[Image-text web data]
_ _ _ _

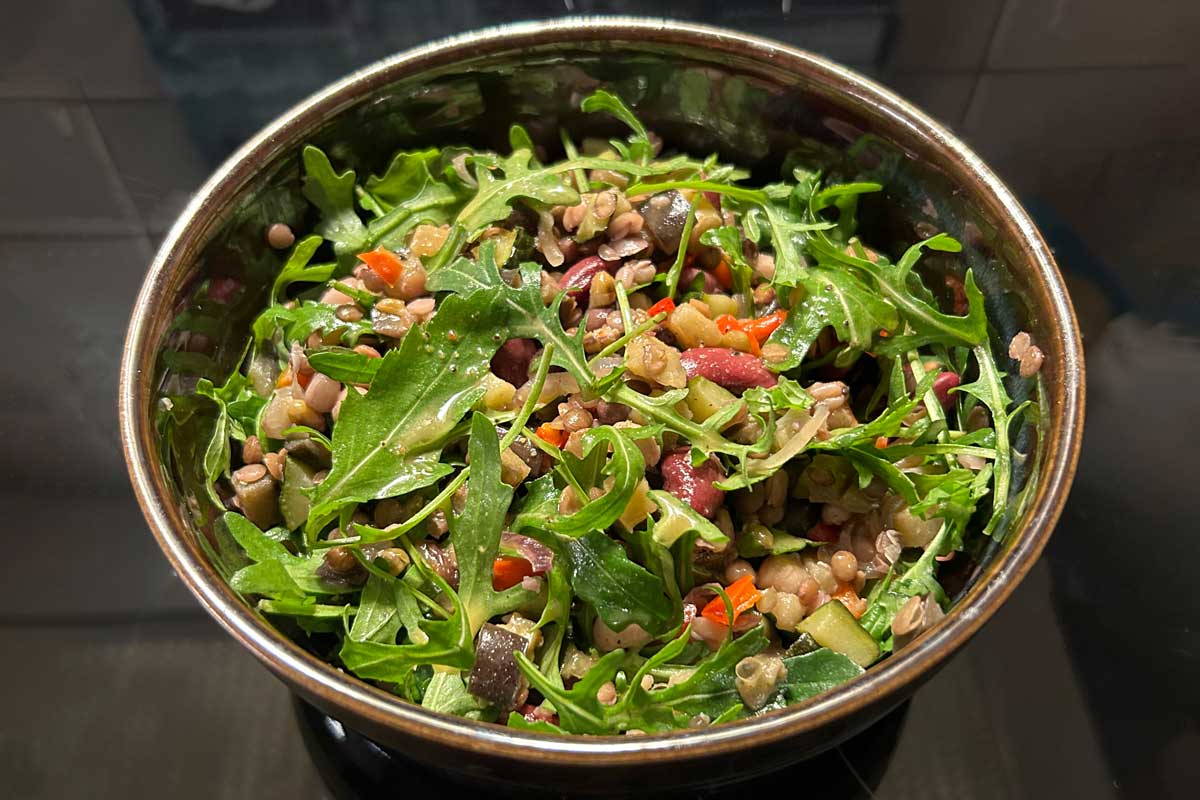 Warmer Hülsenfrüchte-Salat mit Rucola
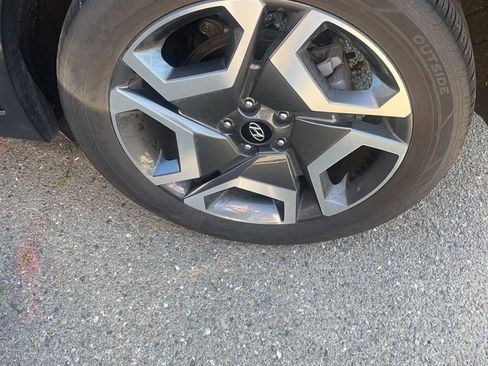 Used 2024 Hyundai Palisade Limited image 3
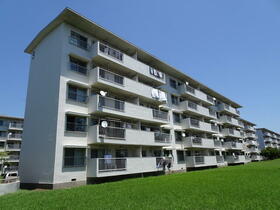 夏見台住宅９号棟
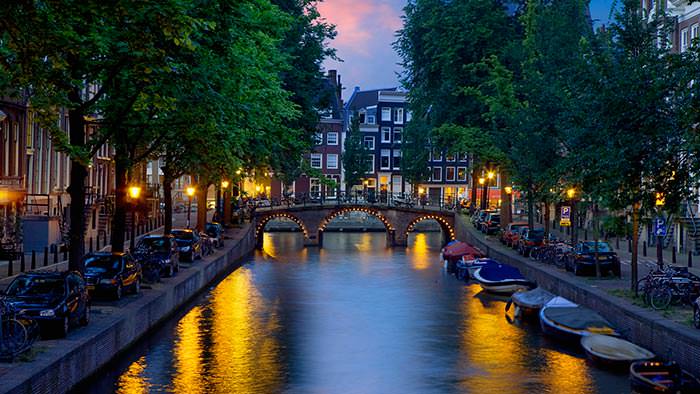 عکاسی در شب در شهر آمستردام هلند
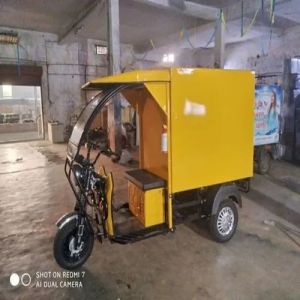 Battery Operated E Rickshaw Loader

_ _ _ _

Your task is to set down exactly the lines that run from the line holding "عکاسی در شب در شهر آمستردام هلند" through the close of the entries, including both ends. Pictures stay out.

 عکاسی در شب در شهر آمستردام هلند
 Battery Operated E Rickshaw Loader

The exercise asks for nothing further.